Optimization 2: Use .read() Instead of .sample()
During the Light Pass, I fetch data from multiple G-buffer textures such as Position, Normal, Albedo, and SSAO. Originally, I used .sample(), but this does more work than necessary—it applies filtering and mipmap logic, which adds both memory traffic and math. Switching to .read() (a direct texel fetch) gave a noticeable improvement:
- Texture Read Limiter: 57.8% → 46.79%
- Texture Read Utilization: 26.83% → 30.03%
Optimization 3: Reduce G-Buffer Resolution
Next, I reduced the G-Buffer textures from float to half. I expected this to lower bandwidth usage, but to my surprise it made things worse:
- Texture Read Limiter: 46.79% → 56.9%
- Texture Read Utilization: 30.03% → 32.31%
Sometimes optimizations backfire, and this was one of those cases.
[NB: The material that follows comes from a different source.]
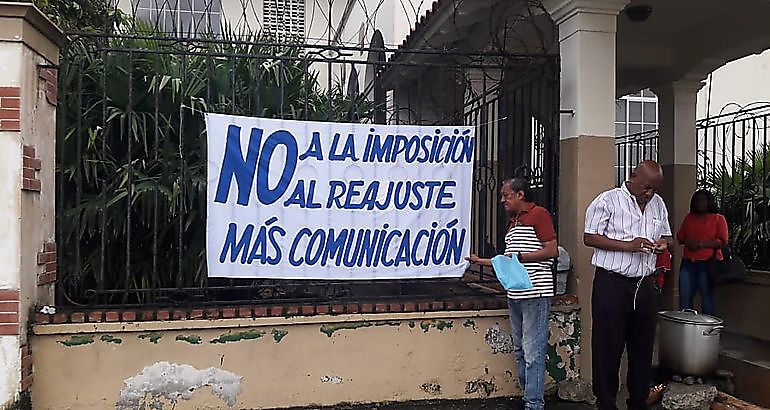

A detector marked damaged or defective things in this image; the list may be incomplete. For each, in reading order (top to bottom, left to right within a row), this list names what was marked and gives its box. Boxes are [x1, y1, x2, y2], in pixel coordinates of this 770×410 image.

chipped teal paint [320, 322, 400, 338] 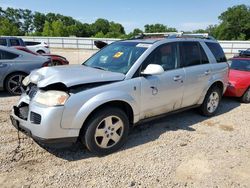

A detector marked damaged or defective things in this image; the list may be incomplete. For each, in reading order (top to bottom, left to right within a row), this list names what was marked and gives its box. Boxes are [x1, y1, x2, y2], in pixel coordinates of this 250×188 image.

Optimization 4: Half-Precision Math in Lighting
I then focused on ALU utilization by switching parts of my lighting calculations to use half-precision (half) math. Specifically:
- Diffuse contribution → half precision
- Specular contribution → full precision (float)
The results were underwhelming:
- ALU Limiter: 37.65% → 37.55%
- ALU Utilization: 35.77% → 35.83%
- F32 Utilization: 27.86% → 25.12%
- F16 Utilization: 0% → 1.11%
Half-precision math showed up in the counters, but didn’t change the overall bottleneck.
Final Results
Here’s the overall improvement from all the optimizations:
Before → After
- GPU Time: 2.53 ms → 2.31 ms (~8.7% faster)
- Texture Read Limiter: 57.81% → 50.93%
- MMU Limiter: 32.19% → 23.41%
- ALU Limiter: 37.65% → 37.55% (flat)
- F32 Utilization: 27.86% → 25.12%
- F16 Utilization: 0.00% → 1.11%
- Integer & Complex Limiter: 14.25% → 8.82%
- Texture Read Utilization: 26.83% → 31.62%
What the Numbers Say
- I shaved about 9% off the Light Pass—a real improvement, but not dramatic.
- The biggest wins came from reducing memory-side pressure (MMU ↓, Texture Read Limiter ↓).
- ALU stayed flat, which shows the pass is still memory/texture-bound, not math-bound.
- Half-precision math registered, but didn’t help much since math wasn’t the bottleneck.
- Removing unnecessary integer/complex math improved things locally, but again, the frame was dominated by texture fetch bandwidth.
Takeaway
Optimizations don’t always yield big wins, but each attempt brings clarity. In this case, the profiler clearly shows that the Light Pass is memory/texture-bound. My next steps will focus directly on reducing texture fetch cost, rather than trimming ALU math.
Thanks for reading.